The more one hears about CenturyLink’s criminal conspiracies, the more one wishes public hangings were available as legal punishment for white collar crimes. Almost, anyway.
What CenturyLink, Inc. does is provide internet and television cable services to the public. It appears it makes most of its money, however, by lying to the public. $17.5 billion in sales last year, as a matter of fact, through a combination of hosting, cloud and information technology services.
That deception is behind a $12 billion lawsuit filed by consumers who said they were misled and stuck with services they never ordered. It is also why the Attorney General of Minnesota just filed suit accusing the company of consumer fraud and deceptive trade practices.
It is also, sadly, part of why the company is being acquired for $34 billion by Level 3 Communications Inc., yet another corporate monolith who apparently wants in on a bit of this highly-lucrative CenturyLink criminal scam.
According to the Minnesota state lawsuit, the deception starts with that “CenturyLink has regularly misquoted the price of its internet and television services to Minnesota consumers.” It goes on to say that, in response to the Attorney General’s Office first contacting the company to investigate a specific consumer complaint, “a CenturyLink employee stated that, of the sales recordings she reviews, ‘maybe 1 out of 5 are quoted correctly or close enough’.”
That of course could be written off to sheer incompetence, but that does not appear to be the case. In a lawsuit filed in June by Heidi Heiser, a former CenturyLink employee who is suing for wrongful termination after she became a whistleblower against the company, Ms. Heiser alleged CenturyLink’s lies went well beyond not quoting accurately. Her lawsuit claims that the company “allowed persons who had a personal incentive to add services or lines to falsely indicate on the CenturyLink system the approval by a customer of new lines of service.” It is apparently not enough that the company is overcharging on services.

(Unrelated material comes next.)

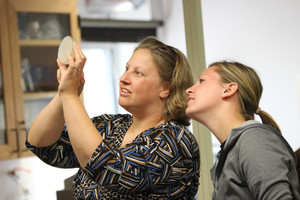 Wendy Jamison and Jocelyn look at an agar plate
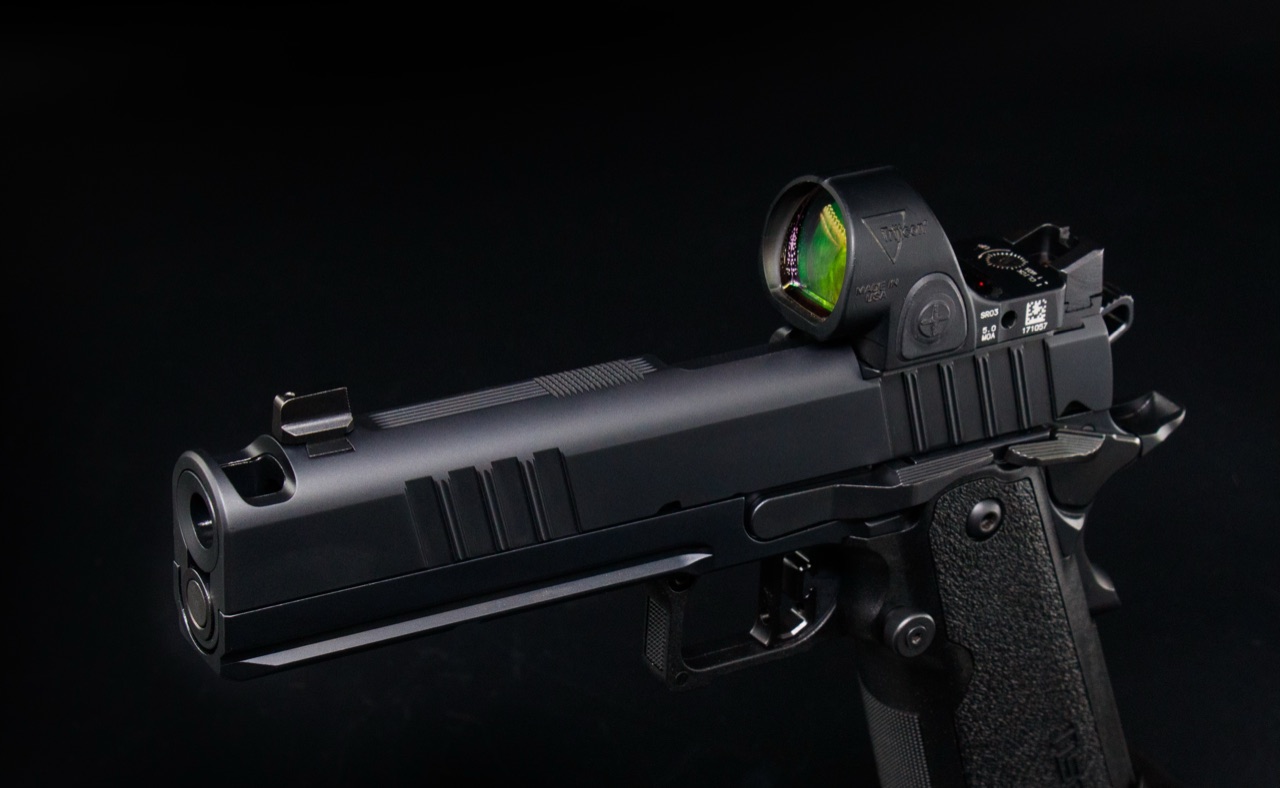 Tisas double stack 1911 with a Trijicon SRO red dot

It is also charging customers – a lot of them – for services they never ordered.
A spokesman for Century Link, Mark Molzen, reported to the press disappointed that the Attorney General chose to file a lawsuit instead of just talking with them about the problem. That was of course also yet another example of deception.
Minnesota’s AG had tried to get information from the company for some time, in response to many complaints about the company’s deceit. Among the many things the state tried to get from the company was full price information for its services, for example. According to Minnesota’s complaint, CenturyLink said the request for full price information was “unduly burdensome”.
What was not “unduly burdensome” was racking up more sales every day and somehow managing to clear $816 million in net income last year. After expenses, of course, and also somehow after assembling all that “unduly burdensome” data into a fully-auditable balance sheet that one of the big accounting firms could approve as accurate.
Ben Meiselas, from the law firm CenturyLink which filed the original class action lawsuit against CenturyLink for the same issues, said that “this massive fraud on consumers…has unjustly enriched CenturyLink to the tune of billions of dollars nationwide”. He went on to say that “We applaud Attorney General Swanson [of Minnesota] and call on all Attorneys Generals across the nation to protect its consumers against CenturyLink.”
The lawsuits as of this writing are in process, with the trial dates still far away.
Sadly, even if the cases are settled in the favor of the states which do sue and those represented in the class actions, the worst that will likely happen is a short-term write-off on CenturyLink, Inc.’s balance sheet, with the stockholders – not those responsible for the crimes – taking the hit. There may even be a slight adjustment of the massive bonuses going to the executives who made it all happen. With the even bigger bonuses of bringing their crime syndicate under the fold of their new owner, Level 3 Communications, however, it is doubtful any of them will even notice.
Sadder still is the motivation behind it all. It was not about innovating, creating jobs, making life easier, or saving the world. It was about old-fashioned capitalistic greed, which ripped off the masses without a single executive apparently even losing the slightest bit of sleep over the matter.
It also happened knowing that they all work under a government-corporate umbrella where no executive will ever be charged with a crime, despite all the harm they have caused.